Si algo define la temporada que cerramos es una aceleración sistémica, un “más rápido todavía” que ya no solo afecta a las cronos, sino que empapa cada etapa de montaña y cada monumento.
Leemos que lo que antes era una excepción, hoy es la norma: el pelotón masculino ha cerrado el año con una media de velocidad de 42,9 km/h, elevando en 0,7 km/h el récord del año anterior.
No es un detalle menor; hablamos de un incremento importante en un deporte en el que se dice que las ganancias suelen ser marginales.
El ejemplo más relevante: la novena etapa del Tour de Francia, donde se voló a 50,013 km/h de media en una jornada de 174 kilómetros, convirtiéndose en la segunda etapa más rápida de la historia de la carrera.
En este escenario de récords, Tadej Pogačar no solo gana, sino que tritura la historia con una voracidad que asusta.
Su 2025 se resume en un dato de vértigo: 20 victorias en apenas 50 días de competición.
Pero el récord que realmente escuece a los puristas es su capacidad para encadenar monumentos con una facilidad insultante.
Con su quinto Lombardía consecutivo, el esloveno ya suma 10 monumentos, situándose a la estela de Merckx y De Vlaeminck.
Además, su capacidad para batir sus propios registros de Strava, como los 24 segundos que restó a su marca en el Coll de Rates, confirma que el techo de este tipo sigue siendo un misterio para la fisiología moderna.
En el ámbito femenino, la velocidad no ha ido a la zaga y los registros han caído de forma similar.
Lotte Kopecky firmó un triplete histórico en el Tour de Flandes, siendo la primera mujer en lograrlo, mientras que Vittoria Bussi volvió a poner los puntos sobre las íes en el velódromo.
La italiana batió su propio Récord de la Hora con una marca de 50,455 km, superando la barrera psicológica de los 50 kilómetros por segunda vez, y apenas seis días después fijó un nuevo récord mundial en la persecución individual con un tiempo de 4:23.624.

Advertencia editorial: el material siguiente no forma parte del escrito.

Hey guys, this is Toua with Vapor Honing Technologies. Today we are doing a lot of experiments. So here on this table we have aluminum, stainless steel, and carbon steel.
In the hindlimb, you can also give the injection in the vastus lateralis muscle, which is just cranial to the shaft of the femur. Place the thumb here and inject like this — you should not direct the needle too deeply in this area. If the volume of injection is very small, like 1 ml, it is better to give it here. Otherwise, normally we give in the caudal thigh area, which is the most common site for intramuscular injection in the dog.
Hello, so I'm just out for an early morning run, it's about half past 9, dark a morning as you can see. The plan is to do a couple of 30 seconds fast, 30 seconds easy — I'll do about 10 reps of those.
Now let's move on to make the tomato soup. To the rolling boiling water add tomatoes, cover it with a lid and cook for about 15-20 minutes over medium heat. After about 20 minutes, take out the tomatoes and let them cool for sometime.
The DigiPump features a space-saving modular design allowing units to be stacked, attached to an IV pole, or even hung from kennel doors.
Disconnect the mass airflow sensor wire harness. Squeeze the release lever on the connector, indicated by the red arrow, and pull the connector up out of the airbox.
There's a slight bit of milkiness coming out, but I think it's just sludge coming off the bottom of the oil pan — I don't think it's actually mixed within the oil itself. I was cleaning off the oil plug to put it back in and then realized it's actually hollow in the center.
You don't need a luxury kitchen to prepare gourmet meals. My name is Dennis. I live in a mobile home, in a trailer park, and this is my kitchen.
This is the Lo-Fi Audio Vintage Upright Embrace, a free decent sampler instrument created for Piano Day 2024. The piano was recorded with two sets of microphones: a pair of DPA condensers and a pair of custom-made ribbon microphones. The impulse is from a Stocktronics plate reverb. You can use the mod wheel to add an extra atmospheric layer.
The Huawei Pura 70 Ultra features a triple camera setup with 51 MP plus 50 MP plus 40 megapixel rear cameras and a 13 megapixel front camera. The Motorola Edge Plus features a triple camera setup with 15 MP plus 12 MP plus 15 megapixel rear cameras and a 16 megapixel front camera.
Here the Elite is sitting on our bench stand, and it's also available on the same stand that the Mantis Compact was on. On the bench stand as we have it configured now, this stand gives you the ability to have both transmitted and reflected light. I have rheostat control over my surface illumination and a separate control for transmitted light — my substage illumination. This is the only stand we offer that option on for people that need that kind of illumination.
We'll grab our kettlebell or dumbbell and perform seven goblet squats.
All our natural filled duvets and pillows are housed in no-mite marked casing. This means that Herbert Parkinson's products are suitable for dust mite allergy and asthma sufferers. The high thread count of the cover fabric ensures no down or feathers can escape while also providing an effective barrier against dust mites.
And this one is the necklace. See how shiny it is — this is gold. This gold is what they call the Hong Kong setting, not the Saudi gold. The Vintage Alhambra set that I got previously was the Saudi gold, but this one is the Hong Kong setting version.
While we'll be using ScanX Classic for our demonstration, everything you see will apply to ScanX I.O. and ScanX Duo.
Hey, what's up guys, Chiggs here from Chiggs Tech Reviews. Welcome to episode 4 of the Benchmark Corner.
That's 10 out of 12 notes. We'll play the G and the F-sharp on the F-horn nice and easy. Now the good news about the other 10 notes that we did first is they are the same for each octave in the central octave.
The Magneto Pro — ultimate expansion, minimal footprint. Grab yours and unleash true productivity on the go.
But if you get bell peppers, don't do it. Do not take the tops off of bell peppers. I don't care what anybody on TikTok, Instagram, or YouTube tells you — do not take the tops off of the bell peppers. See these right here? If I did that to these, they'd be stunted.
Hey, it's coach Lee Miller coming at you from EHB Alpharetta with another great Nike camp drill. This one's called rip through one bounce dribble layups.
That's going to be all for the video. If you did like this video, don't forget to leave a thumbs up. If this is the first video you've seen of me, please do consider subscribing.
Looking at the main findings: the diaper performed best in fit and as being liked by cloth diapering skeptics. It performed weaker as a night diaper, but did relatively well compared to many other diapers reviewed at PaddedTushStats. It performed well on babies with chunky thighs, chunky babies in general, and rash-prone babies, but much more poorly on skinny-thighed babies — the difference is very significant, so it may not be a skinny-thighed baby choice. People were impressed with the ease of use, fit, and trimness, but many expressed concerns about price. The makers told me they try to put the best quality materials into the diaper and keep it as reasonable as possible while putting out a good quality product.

Este 2025 nos deja la sensación de que el ciclismo se ha vuelto un deporte de precisión aeroespacial.
Ojo a los 56,671 km/h de Josh Tarling en la crono del UAE Tour.
Sin embargo, tras la frialdad de los datos, queda la pregunta que siempre nos hacemos: ¿es este ciclismo de laboratorio más emocionante o simplemente más inalcanzable?
La velocidad asombra, pero la épica, a veces, parece diluirse entre tantos vatios y decimales.